■ **Problem requirements**: For this exercise, reproduce the entries below exactly, but only from the line containing "Bedroom with bed, nightstand, and" through the line containing "Front-facing full view", both included.

Stored data:
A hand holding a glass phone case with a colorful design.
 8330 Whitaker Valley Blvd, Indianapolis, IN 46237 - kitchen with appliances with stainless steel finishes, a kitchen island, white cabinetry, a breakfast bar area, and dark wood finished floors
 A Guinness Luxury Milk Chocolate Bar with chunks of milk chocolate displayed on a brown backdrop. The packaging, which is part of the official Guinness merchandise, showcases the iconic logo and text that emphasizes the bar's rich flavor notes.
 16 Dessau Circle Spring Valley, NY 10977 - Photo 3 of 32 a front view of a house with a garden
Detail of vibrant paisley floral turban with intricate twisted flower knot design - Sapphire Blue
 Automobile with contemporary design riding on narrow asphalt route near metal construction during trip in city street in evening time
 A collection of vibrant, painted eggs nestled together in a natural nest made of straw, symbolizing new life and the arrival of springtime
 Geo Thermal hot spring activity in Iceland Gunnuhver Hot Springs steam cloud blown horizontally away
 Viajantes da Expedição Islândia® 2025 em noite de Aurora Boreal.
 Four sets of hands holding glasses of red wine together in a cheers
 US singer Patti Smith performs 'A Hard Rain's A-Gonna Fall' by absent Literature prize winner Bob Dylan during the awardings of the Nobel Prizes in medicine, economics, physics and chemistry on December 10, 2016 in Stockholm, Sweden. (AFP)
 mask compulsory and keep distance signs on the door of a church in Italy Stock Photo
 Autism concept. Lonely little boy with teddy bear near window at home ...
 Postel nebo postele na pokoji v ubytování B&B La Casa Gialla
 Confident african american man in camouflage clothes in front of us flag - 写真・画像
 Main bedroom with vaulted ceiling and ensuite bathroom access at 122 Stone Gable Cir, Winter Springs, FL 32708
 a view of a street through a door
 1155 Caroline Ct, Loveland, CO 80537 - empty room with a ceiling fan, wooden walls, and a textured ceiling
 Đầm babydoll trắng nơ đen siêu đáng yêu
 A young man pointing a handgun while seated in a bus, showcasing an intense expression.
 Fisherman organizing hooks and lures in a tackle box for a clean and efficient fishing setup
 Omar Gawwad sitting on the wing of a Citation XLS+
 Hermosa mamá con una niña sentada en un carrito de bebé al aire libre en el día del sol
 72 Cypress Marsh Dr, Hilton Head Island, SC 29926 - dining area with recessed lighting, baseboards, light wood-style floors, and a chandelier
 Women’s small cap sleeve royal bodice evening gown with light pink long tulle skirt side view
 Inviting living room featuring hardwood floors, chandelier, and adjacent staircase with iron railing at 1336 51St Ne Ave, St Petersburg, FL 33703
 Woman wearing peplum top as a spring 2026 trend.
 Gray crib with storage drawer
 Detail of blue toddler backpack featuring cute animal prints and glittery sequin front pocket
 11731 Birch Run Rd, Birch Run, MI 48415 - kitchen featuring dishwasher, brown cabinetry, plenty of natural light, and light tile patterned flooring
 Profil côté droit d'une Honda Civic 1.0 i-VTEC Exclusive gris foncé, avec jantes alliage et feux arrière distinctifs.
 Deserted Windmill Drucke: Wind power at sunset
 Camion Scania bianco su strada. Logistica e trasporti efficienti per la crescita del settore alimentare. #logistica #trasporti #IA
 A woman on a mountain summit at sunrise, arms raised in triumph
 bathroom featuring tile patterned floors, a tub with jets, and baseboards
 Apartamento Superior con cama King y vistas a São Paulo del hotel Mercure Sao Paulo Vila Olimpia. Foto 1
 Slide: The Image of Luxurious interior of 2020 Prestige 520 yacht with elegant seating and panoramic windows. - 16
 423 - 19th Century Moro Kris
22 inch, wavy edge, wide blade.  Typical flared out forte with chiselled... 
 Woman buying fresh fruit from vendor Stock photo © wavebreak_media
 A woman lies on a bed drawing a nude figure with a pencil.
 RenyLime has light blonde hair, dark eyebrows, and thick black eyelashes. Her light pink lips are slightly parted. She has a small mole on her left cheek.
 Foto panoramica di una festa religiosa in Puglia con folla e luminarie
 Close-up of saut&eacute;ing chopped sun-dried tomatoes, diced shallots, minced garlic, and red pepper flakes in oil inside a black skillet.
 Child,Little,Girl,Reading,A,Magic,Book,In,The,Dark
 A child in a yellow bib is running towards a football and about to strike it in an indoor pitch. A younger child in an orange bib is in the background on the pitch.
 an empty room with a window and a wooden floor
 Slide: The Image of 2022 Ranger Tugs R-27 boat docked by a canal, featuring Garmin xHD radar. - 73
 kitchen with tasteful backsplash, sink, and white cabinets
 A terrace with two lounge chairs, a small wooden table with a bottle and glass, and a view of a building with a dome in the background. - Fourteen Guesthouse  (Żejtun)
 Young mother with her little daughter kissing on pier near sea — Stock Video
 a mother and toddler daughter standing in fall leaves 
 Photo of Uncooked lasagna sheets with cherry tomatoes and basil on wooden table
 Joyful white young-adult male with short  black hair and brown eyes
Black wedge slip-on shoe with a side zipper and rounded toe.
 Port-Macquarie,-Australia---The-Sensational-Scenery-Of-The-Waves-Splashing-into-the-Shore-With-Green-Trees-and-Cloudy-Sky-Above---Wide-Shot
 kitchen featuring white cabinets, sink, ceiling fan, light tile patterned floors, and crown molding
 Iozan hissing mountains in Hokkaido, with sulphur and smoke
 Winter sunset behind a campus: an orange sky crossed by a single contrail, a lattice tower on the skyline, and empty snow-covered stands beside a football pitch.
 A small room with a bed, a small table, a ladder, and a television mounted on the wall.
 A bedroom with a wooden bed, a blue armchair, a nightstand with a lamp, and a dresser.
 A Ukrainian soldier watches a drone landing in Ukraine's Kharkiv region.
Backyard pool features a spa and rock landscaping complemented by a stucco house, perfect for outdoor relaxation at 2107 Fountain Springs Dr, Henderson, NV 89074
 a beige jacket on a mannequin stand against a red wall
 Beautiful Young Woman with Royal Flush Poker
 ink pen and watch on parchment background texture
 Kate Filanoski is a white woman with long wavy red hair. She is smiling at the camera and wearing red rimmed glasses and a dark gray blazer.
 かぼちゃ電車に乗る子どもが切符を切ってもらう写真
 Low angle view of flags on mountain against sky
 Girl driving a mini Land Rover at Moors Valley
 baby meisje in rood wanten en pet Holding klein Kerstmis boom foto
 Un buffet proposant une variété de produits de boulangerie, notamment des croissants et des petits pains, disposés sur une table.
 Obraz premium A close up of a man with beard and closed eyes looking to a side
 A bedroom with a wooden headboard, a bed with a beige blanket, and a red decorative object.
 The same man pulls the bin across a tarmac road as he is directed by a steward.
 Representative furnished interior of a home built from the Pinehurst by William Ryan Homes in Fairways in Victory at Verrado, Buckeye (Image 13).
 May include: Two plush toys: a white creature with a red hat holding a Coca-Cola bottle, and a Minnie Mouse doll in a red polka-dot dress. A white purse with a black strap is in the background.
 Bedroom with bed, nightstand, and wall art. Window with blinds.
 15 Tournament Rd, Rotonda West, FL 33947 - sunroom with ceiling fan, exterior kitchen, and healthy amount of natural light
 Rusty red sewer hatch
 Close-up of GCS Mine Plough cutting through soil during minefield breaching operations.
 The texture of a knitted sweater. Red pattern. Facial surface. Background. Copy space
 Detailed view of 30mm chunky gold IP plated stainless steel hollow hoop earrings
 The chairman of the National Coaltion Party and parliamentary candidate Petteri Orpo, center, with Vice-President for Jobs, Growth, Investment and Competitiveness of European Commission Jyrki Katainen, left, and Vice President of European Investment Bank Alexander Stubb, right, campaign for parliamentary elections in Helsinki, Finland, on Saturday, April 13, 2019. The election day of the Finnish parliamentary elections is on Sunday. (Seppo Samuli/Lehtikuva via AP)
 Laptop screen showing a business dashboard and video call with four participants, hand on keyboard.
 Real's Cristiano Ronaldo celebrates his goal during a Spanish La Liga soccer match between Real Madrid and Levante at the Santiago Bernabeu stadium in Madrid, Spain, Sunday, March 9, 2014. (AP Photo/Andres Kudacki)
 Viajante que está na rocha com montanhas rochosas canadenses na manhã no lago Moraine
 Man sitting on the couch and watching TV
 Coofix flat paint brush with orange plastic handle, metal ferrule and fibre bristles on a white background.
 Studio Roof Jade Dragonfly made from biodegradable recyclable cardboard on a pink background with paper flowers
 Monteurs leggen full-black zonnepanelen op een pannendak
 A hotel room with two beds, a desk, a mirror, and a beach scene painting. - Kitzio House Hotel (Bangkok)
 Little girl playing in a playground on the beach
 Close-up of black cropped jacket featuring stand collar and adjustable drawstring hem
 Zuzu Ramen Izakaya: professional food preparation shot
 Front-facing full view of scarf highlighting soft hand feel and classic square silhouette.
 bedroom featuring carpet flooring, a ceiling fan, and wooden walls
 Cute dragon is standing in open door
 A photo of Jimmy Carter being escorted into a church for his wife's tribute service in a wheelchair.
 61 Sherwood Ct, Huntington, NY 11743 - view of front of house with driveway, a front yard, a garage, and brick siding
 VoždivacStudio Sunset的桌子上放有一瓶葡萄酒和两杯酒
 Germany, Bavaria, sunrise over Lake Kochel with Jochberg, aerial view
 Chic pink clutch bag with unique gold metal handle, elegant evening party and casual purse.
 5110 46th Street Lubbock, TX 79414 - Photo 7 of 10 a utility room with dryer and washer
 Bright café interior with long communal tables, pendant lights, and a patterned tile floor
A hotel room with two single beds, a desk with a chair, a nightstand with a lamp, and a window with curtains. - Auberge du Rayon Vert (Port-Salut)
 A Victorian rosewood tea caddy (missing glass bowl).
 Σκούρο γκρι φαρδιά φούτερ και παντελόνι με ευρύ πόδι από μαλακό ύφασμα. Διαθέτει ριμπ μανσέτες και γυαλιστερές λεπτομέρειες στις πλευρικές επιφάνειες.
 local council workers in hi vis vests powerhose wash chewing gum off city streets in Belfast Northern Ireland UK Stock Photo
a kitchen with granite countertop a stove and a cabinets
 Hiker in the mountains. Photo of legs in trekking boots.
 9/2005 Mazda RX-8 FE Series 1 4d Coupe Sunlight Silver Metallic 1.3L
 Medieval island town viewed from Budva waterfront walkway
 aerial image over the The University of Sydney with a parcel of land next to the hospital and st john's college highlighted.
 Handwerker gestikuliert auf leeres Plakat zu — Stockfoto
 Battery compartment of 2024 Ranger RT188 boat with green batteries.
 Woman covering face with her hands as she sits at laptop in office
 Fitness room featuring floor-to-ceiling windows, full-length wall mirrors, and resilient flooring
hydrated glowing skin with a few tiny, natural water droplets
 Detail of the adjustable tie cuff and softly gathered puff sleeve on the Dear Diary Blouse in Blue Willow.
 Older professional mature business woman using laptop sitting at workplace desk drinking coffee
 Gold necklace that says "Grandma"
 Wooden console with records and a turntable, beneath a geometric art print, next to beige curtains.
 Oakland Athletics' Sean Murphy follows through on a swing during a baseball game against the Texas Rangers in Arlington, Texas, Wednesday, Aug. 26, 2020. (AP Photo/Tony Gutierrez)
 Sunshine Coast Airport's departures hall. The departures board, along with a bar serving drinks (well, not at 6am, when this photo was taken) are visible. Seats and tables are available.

■ **Result**:
 Bedroom with bed, nightstand, and wall art. Window with blinds.
 15 Tournament Rd, Rotonda West, FL 33947 - sunroom with ceiling fan, exterior kitchen, and healthy amount of natural light
 Rusty red sewer hatch
 Close-up of GCS Mine Plough cutting through soil during minefield breaching operations.
 The texture of a knitted sweater. Red pattern. Facial surface. Background. Copy space
 Detailed view of 30mm chunky gold IP plated stainless steel hollow hoop earrings
 The chairman of the National Coaltion Party and parliamentary candidate Petteri Orpo, center, with Vice-President for Jobs, Growth, Investment and Competitiveness of European Commission Jyrki Katainen, left, and Vice President of European Investment Bank Alexander Stubb, right, campaign for parliamentary elections in Helsinki, Finland, on Saturday, April 13, 2019. The election day of the Finnish parliamentary elections is on Sunday. (Seppo Samuli/Lehtikuva via AP)
 Laptop screen showing a business dashboard and video call with four participants, hand on keyboard.
 Real's Cristiano Ronaldo celebrates his goal during a Spanish La Liga soccer match between Real Madrid and Levante at the Santiago Bernabeu stadium in Madrid, Spain, Sunday, March 9, 2014. (AP Photo/Andres Kudacki)
 Viajante que está na rocha com montanhas rochosas canadenses na manhã no lago Moraine
 Man sitting on the couch and watching TV
 Coofix flat paint brush with orange plastic handle, metal ferrule and fibre bristles on a white background.
 Studio Roof Jade Dragonfly made from biodegradable recyclable cardboard on a pink background with paper flowers
 Monteurs leggen full-black zonnepanelen op een pannendak
 A hotel room with two beds, a desk, a mirror, and a beach scene painting. - Kitzio House Hotel (Bangkok)
 Little girl playing in a playground on the beach
 Close-up of black cropped jacket featuring stand collar and adjustable drawstring hem
 Zuzu Ramen Izakaya: professional food preparation shot
 Front-facing full view of scarf highlighting soft hand feel and classic square silhouette.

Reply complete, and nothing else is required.